The CrateDB SQLAlchemy dialect is validated to work with SQLAlchemy versions
``1.3``, ``1.4``, and ``2.0``.

.. SEEALSO::

    For general help using SQLAlchemy, consult the :ref:`SQLAlchemy tutorial
    <sa:unified_tutorial>` or the `SQLAlchemy library`_.

    Supplementary information about the CrateDB SQLAlchemy dialect can be found
    in the :ref:`data types appendix <data-types-sqlalchemy>`.

    Code examples for using the CrateDB SQLAlchemy dialect can be found at
    :ref:`sqlalchemy-by-example`.


.. _connecting:

Connecting
==========

.. _database-urls:

Database URLs
-------------

In an SQLAlchemy context, database addresses are represented by *Uniform Resource
Locators* (URL_) called :ref:`sa:database_urls`.

The simplest database URL for CrateDB looks like this::

    crate://<HOST>/[?option=value]

Here, ``<HOST>`` is the node *host string*. After the host, additional query
parameters can be specified to adjust some connection settings.

A host string looks like this::

    [<USERNAME>:<PASSWORD>@]<HOST_ADDR>:<PORT>

Here, ``<HOST_ADDR>`` is the hostname or IP address of the CrateDB node and
``<PORT>`` is a valid :ref:`crate-reference:psql.port` number.

When authentication is needed, the credentials can be optionally supplied using
``<USERNAME>:<PASSWORD>@``. For connecting to an SSL-secured HTTP endpoint, you
can add the query parameter ``?ssl=true`` to the database URI.

Example database URIs:

- ``crate://localhost:4200``
- ``crate://crate-1.vm.example.com:4200``
- ``crate://username:password@crate-2.vm.example.com:4200/?ssl=true``
- ``crate://198.51.100.1:4200``

.. TIP::

    If ``<HOST>`` is blank (i.e. the database URI is just ``crate://``), then
    ``localhost:4200`` will be assumed.

Getting a connection
--------------------

Create an engine
................

You can connect to CrateDB using the ``create_engine`` method. This method
takes a :ref:`database URL <sa:database_urls>`.

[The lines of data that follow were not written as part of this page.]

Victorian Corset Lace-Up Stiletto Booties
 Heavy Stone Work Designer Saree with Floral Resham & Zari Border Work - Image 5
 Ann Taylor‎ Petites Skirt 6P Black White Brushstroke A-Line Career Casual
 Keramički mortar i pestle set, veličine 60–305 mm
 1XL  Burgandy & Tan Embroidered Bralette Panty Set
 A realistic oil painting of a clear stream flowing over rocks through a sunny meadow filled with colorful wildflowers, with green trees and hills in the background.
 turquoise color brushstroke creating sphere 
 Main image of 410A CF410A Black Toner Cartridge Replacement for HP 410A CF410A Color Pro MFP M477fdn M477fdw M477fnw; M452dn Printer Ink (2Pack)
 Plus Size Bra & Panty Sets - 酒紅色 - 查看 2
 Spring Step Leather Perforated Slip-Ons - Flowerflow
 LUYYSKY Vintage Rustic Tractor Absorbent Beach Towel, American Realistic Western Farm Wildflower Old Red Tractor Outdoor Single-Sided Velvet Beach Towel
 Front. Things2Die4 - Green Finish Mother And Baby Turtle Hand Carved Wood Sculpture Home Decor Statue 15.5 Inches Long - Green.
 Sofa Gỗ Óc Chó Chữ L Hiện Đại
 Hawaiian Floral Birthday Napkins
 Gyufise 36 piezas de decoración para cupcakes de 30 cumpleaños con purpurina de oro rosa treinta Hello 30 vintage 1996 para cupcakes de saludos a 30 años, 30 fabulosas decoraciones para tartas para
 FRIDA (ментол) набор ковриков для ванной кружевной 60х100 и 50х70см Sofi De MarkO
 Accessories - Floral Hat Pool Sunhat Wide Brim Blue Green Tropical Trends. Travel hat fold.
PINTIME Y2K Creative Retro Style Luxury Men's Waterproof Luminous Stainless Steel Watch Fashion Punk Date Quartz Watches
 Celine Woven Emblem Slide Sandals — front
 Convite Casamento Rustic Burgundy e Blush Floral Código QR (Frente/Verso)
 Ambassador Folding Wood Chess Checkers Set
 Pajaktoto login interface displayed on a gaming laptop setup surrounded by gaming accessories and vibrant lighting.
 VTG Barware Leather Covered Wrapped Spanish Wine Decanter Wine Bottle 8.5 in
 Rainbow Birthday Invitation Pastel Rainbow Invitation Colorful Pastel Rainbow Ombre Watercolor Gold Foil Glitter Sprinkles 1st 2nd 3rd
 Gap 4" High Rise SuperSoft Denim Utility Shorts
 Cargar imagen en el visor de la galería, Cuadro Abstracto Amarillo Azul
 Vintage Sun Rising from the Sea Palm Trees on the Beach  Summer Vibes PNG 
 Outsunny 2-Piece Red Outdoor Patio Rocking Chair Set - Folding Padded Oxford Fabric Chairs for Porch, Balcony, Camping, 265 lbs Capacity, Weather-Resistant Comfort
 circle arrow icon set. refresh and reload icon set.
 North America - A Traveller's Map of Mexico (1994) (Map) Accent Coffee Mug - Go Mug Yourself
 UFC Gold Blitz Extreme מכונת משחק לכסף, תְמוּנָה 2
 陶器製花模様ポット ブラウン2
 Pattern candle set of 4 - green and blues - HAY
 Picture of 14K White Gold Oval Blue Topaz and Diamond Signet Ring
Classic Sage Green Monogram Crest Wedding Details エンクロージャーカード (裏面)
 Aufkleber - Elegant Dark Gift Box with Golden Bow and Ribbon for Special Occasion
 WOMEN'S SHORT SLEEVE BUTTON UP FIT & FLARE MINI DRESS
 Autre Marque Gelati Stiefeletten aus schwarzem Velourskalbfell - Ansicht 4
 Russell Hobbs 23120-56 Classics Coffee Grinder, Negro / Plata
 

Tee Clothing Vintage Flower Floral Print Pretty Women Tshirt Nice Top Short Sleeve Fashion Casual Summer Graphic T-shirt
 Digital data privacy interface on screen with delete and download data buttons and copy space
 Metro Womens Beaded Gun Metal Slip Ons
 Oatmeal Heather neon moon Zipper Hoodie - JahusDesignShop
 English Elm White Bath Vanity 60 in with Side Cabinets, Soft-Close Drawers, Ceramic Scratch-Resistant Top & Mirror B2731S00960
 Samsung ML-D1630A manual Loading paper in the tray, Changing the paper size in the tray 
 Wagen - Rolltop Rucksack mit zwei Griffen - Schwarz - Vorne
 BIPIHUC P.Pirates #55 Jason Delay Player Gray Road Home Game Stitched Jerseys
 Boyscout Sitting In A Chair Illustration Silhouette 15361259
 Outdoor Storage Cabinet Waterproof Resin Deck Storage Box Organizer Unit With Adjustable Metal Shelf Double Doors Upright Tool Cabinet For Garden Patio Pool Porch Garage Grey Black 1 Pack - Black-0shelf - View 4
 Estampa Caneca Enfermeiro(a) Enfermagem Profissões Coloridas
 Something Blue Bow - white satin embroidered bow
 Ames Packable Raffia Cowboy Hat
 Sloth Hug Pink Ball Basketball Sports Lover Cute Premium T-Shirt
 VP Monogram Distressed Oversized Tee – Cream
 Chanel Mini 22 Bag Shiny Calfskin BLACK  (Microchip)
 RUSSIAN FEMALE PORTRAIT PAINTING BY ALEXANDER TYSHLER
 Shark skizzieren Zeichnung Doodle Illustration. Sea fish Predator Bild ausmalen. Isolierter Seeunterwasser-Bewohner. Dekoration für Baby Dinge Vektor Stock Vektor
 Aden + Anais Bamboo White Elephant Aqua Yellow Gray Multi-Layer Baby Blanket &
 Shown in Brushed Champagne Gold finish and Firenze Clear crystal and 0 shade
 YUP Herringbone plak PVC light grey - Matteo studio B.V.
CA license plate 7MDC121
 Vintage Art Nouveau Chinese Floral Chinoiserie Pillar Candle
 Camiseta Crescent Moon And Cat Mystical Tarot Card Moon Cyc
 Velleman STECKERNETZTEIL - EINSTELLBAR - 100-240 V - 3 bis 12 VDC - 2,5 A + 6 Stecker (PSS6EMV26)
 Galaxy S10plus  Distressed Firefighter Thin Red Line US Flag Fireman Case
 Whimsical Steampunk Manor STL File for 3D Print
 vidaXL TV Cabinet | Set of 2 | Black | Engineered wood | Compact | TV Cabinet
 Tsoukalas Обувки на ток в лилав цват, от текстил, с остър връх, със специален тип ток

Import the ``sa`` module, like so:

    >>> import sqlalchemy as sa

To connect to ``localhost:4200``, you can do this:

    >>> engine = sa.create_engine('crate://')

To connect to ``crate-1.vm.example.com:4200``, you would do this:

    >>> engine = sa.create_engine('crate://crate-1.vm.example.com:4200')

If your CrateDB cluster has multiple nodes, however, we recommend that you
configure all of them. You can do that by specifying the ``crate://`` database
URL and passing in a list of :ref:`host strings <database-urls>` passed using
the ``connect_args`` argument, like so:

    >>> engine = sa.create_engine('crate://', connect_args={
    ...     'servers': ['198.51.100.1:4200', '198.51.100.2:4200']
    ... })

When you do this, the Database API layer will use its :ref:`round-robin
<multiple-nodes>` implementation.

The client validates :ref:`SSL server certificates <crate-reference:admin_ssl>`
by default. For further adjusting this behaviour, SSL verification options can
be passed in by using the ``connect_args`` dictionary.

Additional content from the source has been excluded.